Os estudos elaborados por essa comissão, após a exploração do Brasil Central, comporiam o chamado Relatório Cruls, que seria utilizado como parâmetro para os projetos de urbanização e construção da nova Capital. A comissão percorreu aquela região nos anos 1892/1893, levantou sítios, rios, relevos e planícies e inventariou todos os dados que balizariam os limites do futuro Distrito Federal. De modo que, quando JK fez o célebre pronunciamento, em uma casa de madeira da antiga Fazenda do Gama, em Goiás, confirmando que cumpriria a Constituição e construiria a nova capital, já estariam disponíveis, para os interessados, as coordenadas topográficas e o conhecimento da fauna e da flora, com aquele fim.

O relatório incluiu até a sugestão para a formação do lago Paranoá, formado pelo rio do mesmo nome e “por dezenas de córregos cujos espelhos d´água ficavam na exata cota mil, o que de fato veio a ocorrer”. Segundo Sautchuk, Cruls aproveitou um desvão identificado no local, para recomendar a construção de uma pequena barragem, que formaria um alongamento de 25 km por 16 km.

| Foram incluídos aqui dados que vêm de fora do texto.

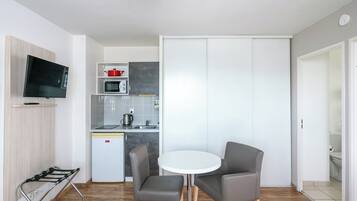 Un espacio habitable compacto con kitchenette, una zona de comedor con dos sillas, una mesa pequeña y un televisor montado en la pared.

O Relatório Cruls foi apresentado ao governo brasileiro ainda naquele ano de 1893 e aprovado pelo Congresso no ano seguinte. O documento instruiu o governo Getúlio Vargas a empreender, nas décadas de 1930 e 1940, a Marcha para o Oeste, que ajudou a tirar o País de sua letárgica modorra litorânea, para o desbravamento do Brasil Central e, depois, na época de JK, a construção de Brasília.

Cruls é um livro pequeno, não mais do que 158 páginas. Contudo, é mais uma peça encaixada na composição da história brasileira. Para ler, refletir, preservar.